*REQUIREMENT:* Could you repeat the whole listing below exactly as it stands?

Start of DATA PROVIDED

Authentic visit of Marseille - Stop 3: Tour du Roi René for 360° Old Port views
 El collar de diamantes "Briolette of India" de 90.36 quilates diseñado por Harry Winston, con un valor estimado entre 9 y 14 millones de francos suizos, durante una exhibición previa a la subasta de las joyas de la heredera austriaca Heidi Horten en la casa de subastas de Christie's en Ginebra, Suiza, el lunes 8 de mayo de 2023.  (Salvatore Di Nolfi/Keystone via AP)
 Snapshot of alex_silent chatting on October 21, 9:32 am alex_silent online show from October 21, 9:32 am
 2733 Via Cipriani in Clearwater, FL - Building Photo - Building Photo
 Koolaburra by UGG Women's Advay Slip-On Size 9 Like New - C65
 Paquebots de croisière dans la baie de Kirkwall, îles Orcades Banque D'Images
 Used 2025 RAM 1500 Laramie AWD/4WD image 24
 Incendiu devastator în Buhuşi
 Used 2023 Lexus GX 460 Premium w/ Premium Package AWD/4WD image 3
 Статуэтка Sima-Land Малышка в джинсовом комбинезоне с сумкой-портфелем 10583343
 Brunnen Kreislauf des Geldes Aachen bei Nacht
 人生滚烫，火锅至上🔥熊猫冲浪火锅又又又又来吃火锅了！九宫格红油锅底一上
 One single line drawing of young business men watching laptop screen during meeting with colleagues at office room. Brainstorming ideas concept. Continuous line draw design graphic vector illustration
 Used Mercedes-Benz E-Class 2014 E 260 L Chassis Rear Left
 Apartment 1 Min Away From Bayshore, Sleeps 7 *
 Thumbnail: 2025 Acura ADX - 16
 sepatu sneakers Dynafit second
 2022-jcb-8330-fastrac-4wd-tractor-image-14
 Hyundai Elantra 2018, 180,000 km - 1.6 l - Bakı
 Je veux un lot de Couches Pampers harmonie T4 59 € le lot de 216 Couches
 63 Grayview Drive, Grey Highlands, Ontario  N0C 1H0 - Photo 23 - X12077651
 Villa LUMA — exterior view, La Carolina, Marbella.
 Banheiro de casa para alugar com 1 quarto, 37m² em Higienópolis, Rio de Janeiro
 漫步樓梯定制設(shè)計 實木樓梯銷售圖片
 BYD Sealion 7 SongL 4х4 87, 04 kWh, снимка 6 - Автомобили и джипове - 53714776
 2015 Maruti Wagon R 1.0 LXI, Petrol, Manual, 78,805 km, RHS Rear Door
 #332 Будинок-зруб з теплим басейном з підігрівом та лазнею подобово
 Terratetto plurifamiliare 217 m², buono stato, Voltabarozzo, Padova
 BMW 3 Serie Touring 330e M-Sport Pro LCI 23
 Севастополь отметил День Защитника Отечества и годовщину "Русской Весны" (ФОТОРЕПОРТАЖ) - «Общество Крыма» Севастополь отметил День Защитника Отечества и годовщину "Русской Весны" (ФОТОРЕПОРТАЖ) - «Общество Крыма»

End of DATA PROVIDED

*ANSWER BELOW:*
Authentic visit of Marseille - Stop 3: Tour du Roi René for 360° Old Port views
 El collar de diamantes "Briolette of India" de 90.36 quilates diseñado por Harry Winston, con un valor estimado entre 9 y 14 millones de francos suizos, durante una exhibición previa a la subasta de las joyas de la heredera austriaca Heidi Horten en la casa de subastas de Christie's en Ginebra, Suiza, el lunes 8 de mayo de 2023.  (Salvatore Di Nolfi/Keystone via AP)
 Snapshot of alex_silent chatting on October 21, 9:32 am alex_silent online show from October 21, 9:32 am
 2733 Via Cipriani in Clearwater, FL - Building Photo - Building Photo
 Koolaburra by UGG Women's Advay Slip-On Size 9 Like New - C65
 Paquebots de croisière dans la baie de Kirkwall, îles Orcades Banque D'Images
 Used 2025 RAM 1500 Laramie AWD/4WD image 24
 Incendiu devastator în Buhuşi
 Used 2023 Lexus GX 460 Premium w/ Premium Package AWD/4WD image 3
 Статуэтка Sima-Land Малышка в джинсовом комбинезоне с сумкой-портфелем 10583343
 Brunnen Kreislauf des Geldes Aachen bei Nacht
 人生滚烫，火锅至上🔥熊猫冲浪火锅又又又又来吃火锅了！九宫格红油锅底一上
 One single line drawing of young business men watching laptop screen during meeting with colleagues at office room. Brainstorming ideas concept. Continuous line draw design graphic vector illustration
 Used Mercedes-Benz E-Class 2014 E 260 L Chassis Rear Left
 Apartment 1 Min Away From Bayshore, Sleeps 7 *
 Thumbnail: 2025 Acura ADX - 16
 sepatu sneakers Dynafit second
 2022-jcb-8330-fastrac-4wd-tractor-image-14
 Hyundai Elantra 2018, 180,000 km - 1.6 l - Bakı
 Je veux un lot de Couches Pampers harmonie T4 59 € le lot de 216 Couches
 63 Grayview Drive, Grey Highlands, Ontario  N0C 1H0 - Photo 23 - X12077651
 Villa LUMA — exterior view, La Carolina, Marbella.
 Banheiro de casa para alugar com 1 quarto, 37m² em Higienópolis, Rio de Janeiro
 漫步樓梯定制設(shè)計 實木樓梯銷售圖片
 BYD Sealion 7 SongL 4х4 87, 04 kWh, снимка 6 - Автомобили и джипове - 53714776
 2015 Maruti Wagon R 1.0 LXI, Petrol, Manual, 78,805 km, RHS Rear Door
 #332 Будинок-зруб з теплим басейном з підігрівом та лазнею подобово
 Terratetto plurifamiliare 217 m², buono stato, Voltabarozzo, Padova
 BMW 3 Serie Touring 330e M-Sport Pro LCI 23
 Севастополь отметил День Защитника Отечества и годовщину "Русской Весны" (ФОТОРЕПОРТАЖ) - «Общество Крыма» Севастополь отметил День Защитника Отечества и годовщину "Русской Весны" (ФОТОРЕПОРТАЖ) - «Общество Крыма»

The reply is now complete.